Top of INPUT DATA

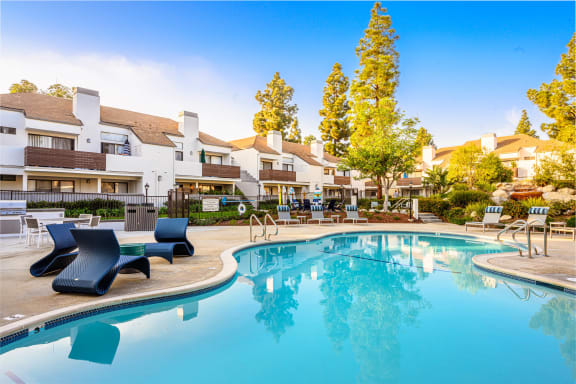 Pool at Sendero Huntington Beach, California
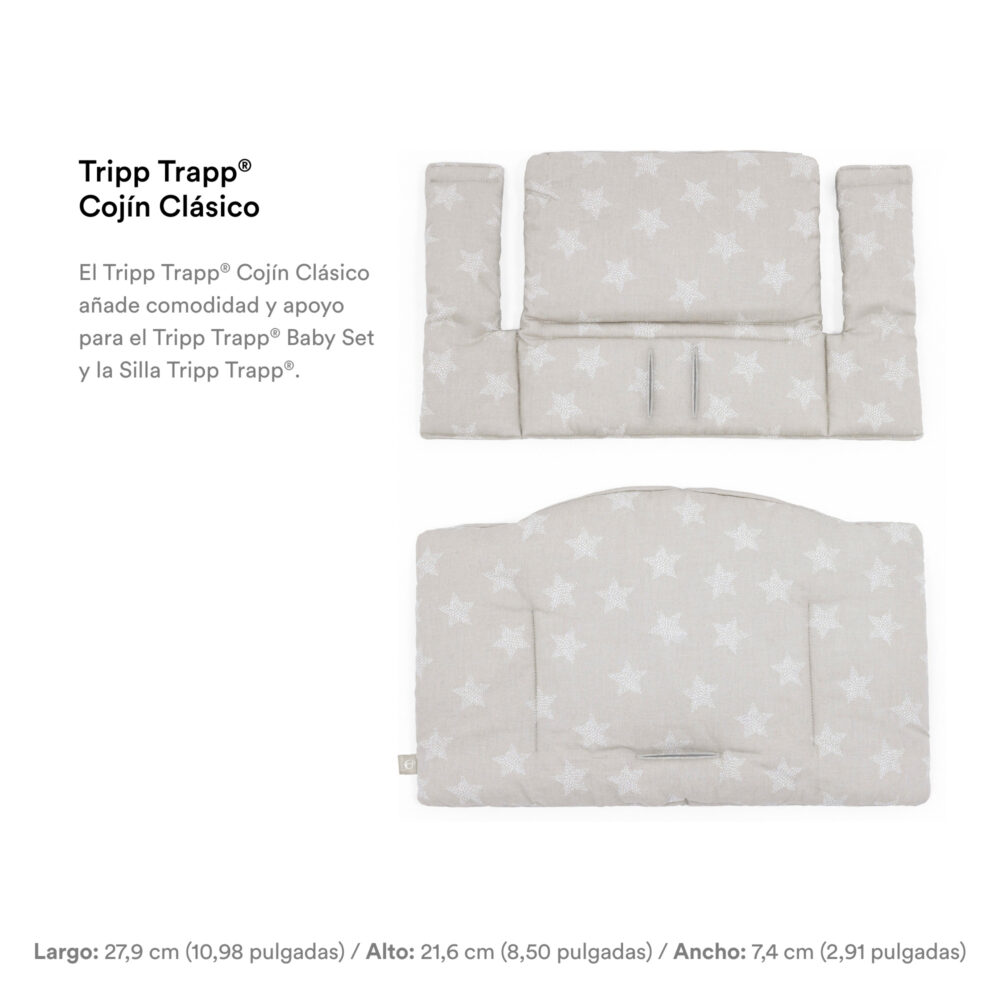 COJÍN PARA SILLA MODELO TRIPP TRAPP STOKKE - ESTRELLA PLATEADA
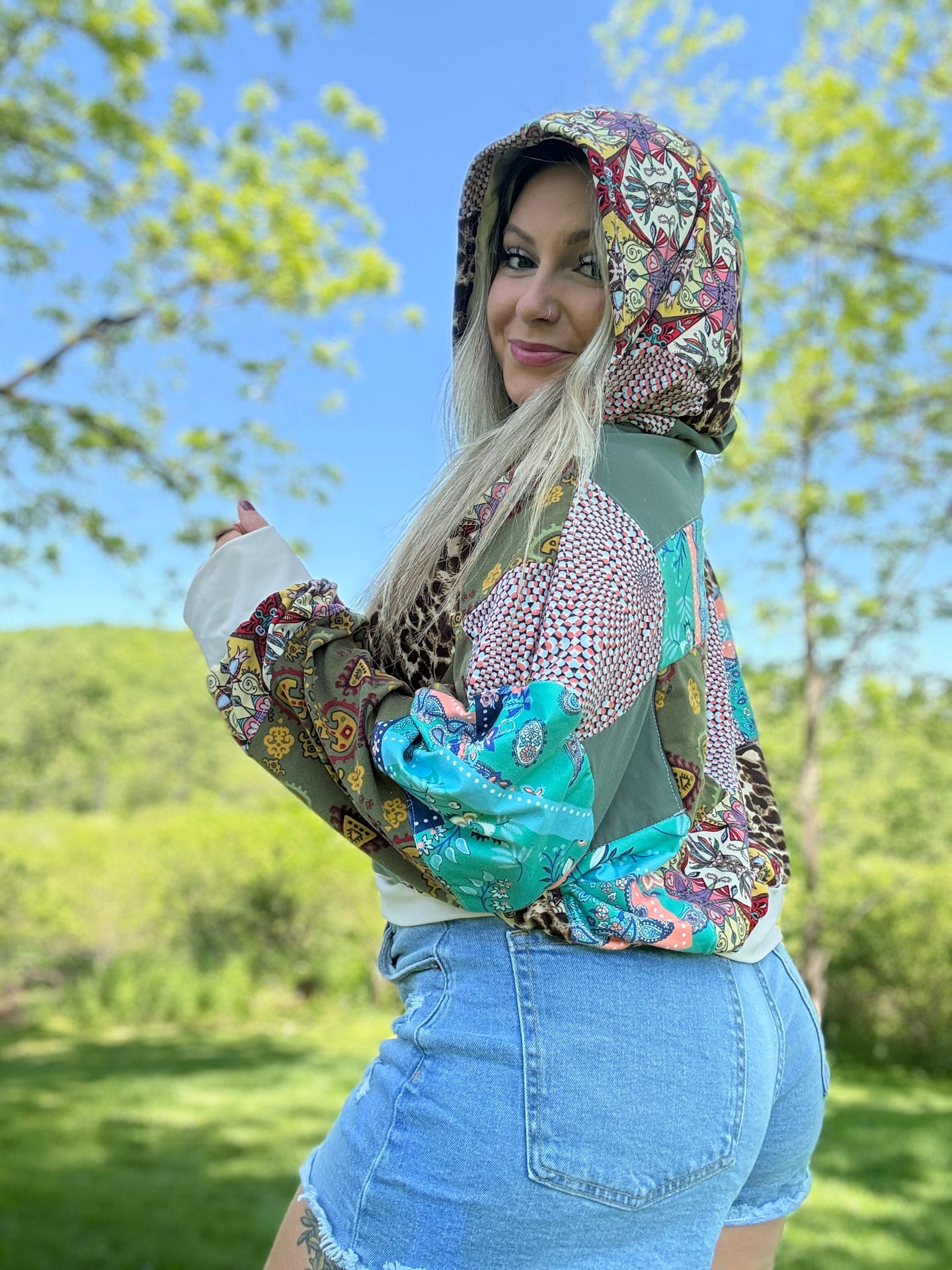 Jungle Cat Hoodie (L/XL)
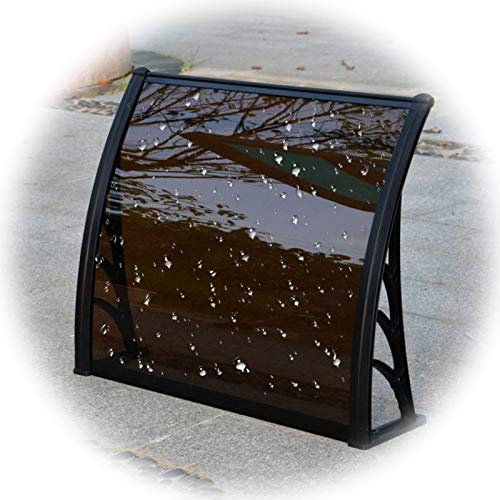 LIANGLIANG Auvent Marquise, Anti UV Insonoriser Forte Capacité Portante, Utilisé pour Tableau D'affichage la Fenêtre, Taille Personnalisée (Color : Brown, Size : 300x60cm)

Bottom of INPUT DATA

■ TASK TO COMPLETE:
If a picture falls within the lines from the one containing "COJÍN PARA SILLA" through the end of the material, leave it out while repeating those lines exactly.

■ RESULT:
 COJÍN PARA SILLA MODELO TRIPP TRAPP STOKKE - ESTRELLA PLATEADA
 Jungle Cat Hoodie (L/XL)
 LIANGLIANG Auvent Marquise, Anti UV Insonoriser Forte Capacité Portante, Utilisé pour Tableau D'affichage la Fenêtre, Taille Personnalisée (Color : Brown, Size : 300x60cm)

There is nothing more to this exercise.